#### RECORDS FOR THE TASK ####

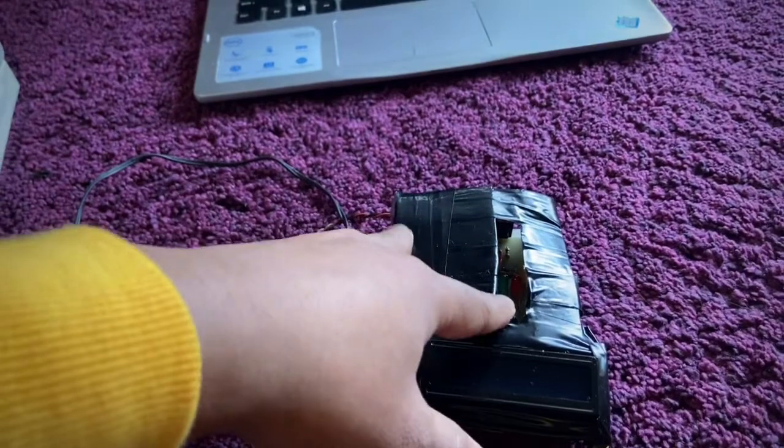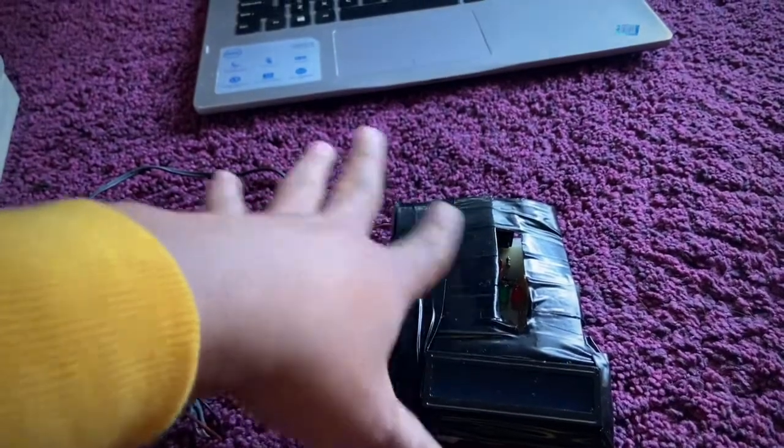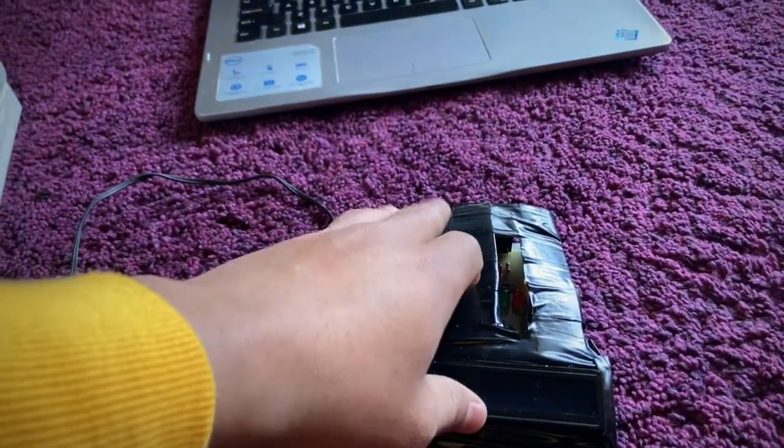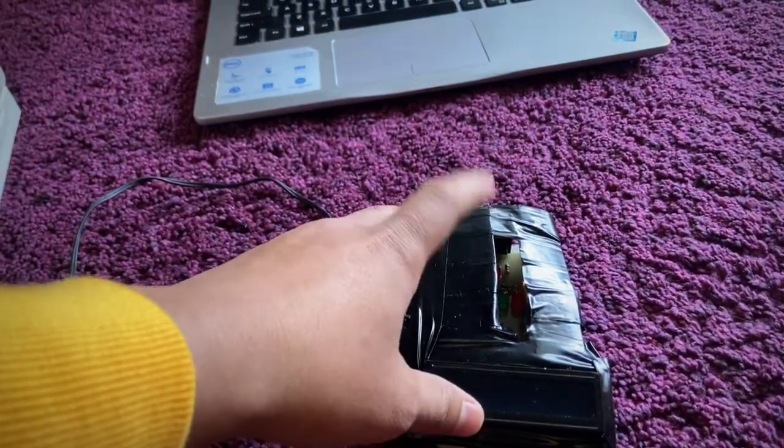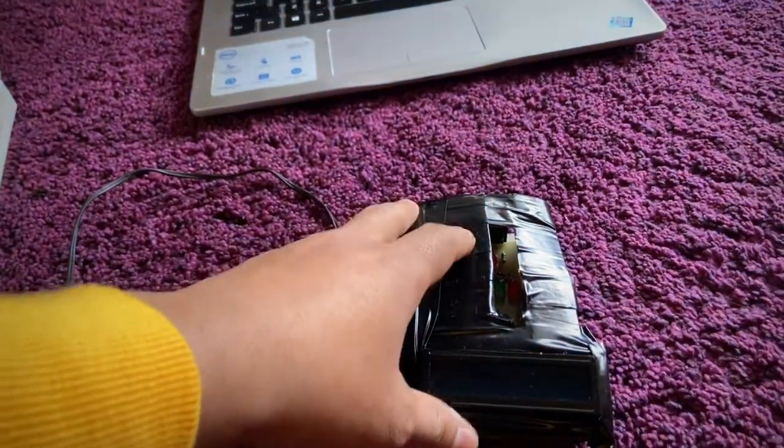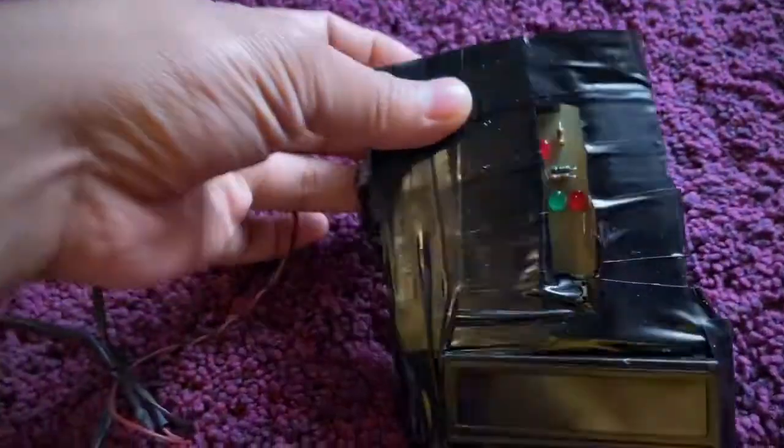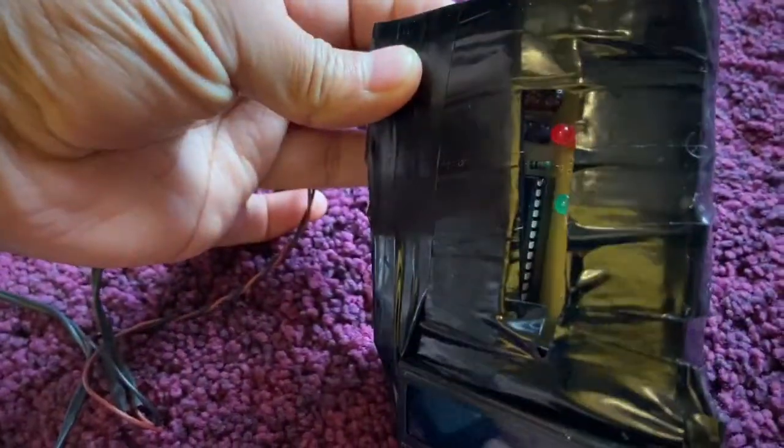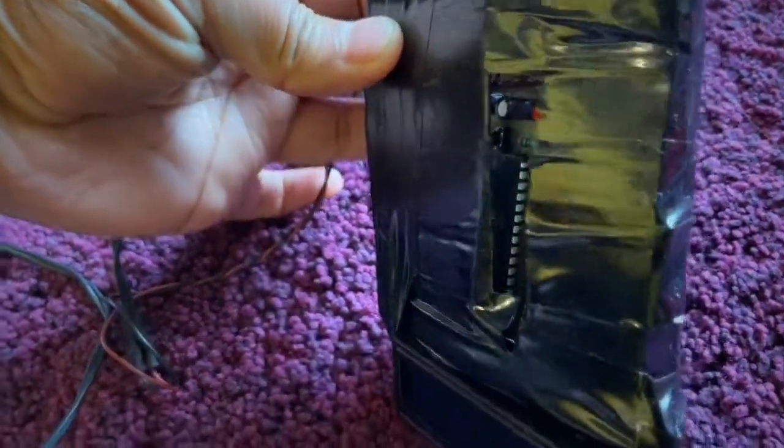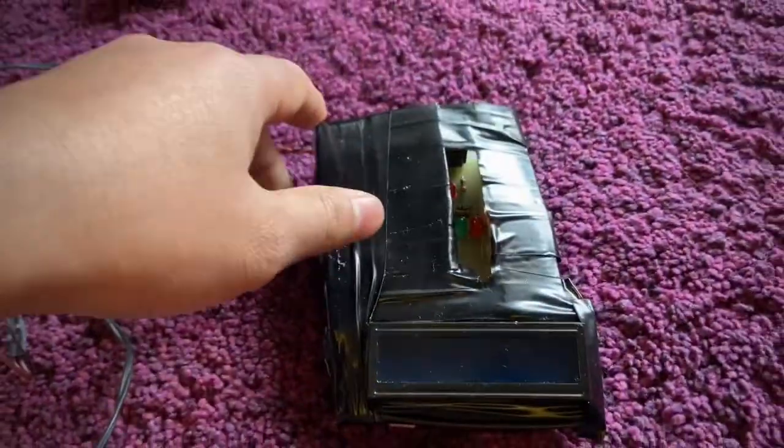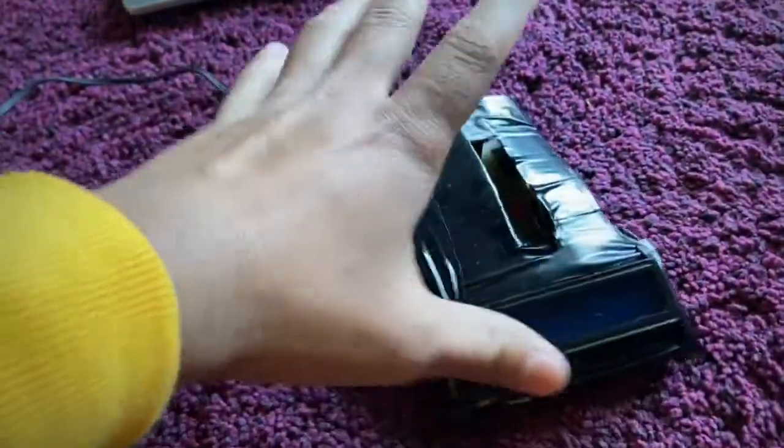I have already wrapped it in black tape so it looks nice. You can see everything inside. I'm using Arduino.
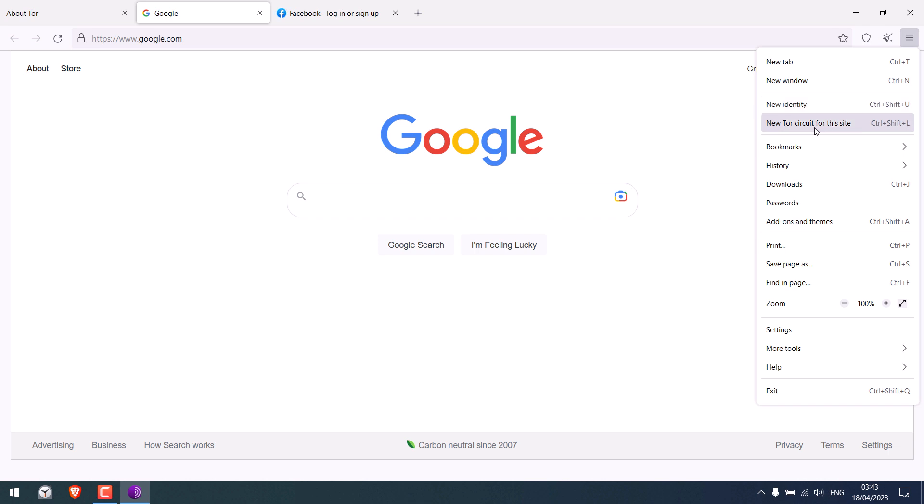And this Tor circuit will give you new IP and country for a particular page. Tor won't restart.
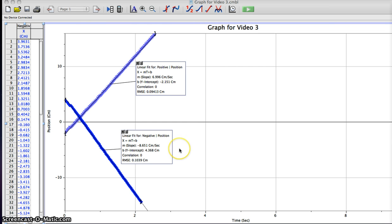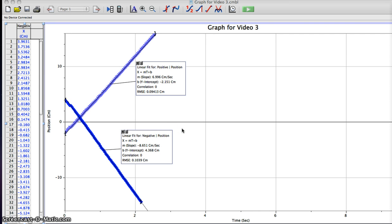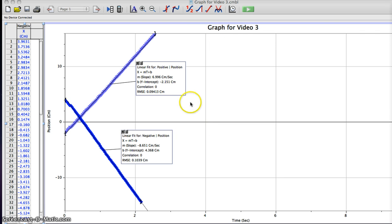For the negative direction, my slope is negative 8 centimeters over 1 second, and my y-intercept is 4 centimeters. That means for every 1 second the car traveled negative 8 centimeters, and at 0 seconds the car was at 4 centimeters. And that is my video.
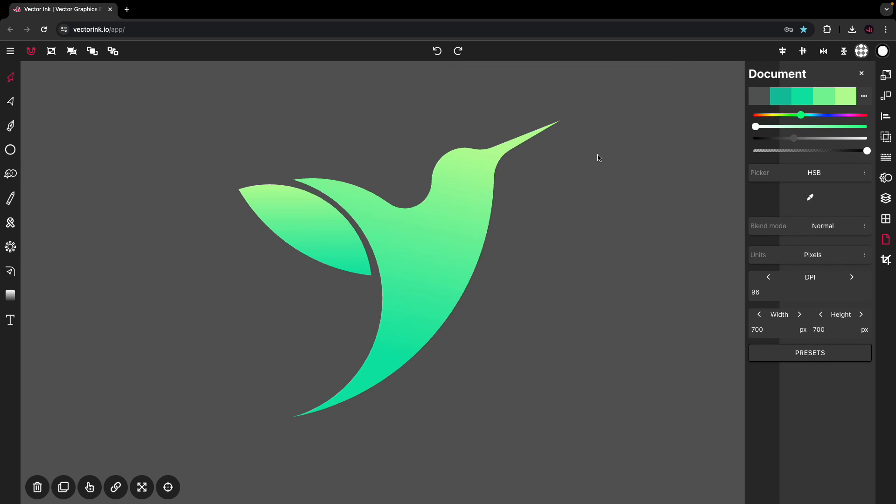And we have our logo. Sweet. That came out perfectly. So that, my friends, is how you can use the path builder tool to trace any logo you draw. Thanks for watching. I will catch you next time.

####
#### RECORDS FOR THE TASK ####

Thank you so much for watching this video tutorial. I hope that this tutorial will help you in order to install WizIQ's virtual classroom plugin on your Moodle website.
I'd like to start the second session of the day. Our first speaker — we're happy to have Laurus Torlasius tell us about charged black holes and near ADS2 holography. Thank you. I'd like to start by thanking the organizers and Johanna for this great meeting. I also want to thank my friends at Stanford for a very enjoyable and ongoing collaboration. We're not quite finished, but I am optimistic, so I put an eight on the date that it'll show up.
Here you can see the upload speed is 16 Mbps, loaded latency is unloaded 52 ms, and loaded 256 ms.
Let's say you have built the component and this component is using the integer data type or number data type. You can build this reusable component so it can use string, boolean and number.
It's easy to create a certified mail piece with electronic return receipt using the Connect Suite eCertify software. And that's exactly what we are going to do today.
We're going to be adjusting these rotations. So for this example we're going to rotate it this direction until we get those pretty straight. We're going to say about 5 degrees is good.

####

ASSIGNED TASK
Quote the data above exactly from the line with "I have already" to the line with "For the negative", both ends counted, and nothing else. Pictures don't go in.

TASK OUTPUT
I have already wrapped it in black tape so it looks nice. You can see everything inside. I'm using Arduino.
And this Tor circuit will give you new IP and country for a particular page. Tor won't restart.
For the negative direction, my slope is negative 8 centimeters over 1 second, and my y-intercept is 4 centimeters. That means for every 1 second the car traveled negative 8 centimeters, and at 0 seconds the car was at 4 centimeters. And that is my video.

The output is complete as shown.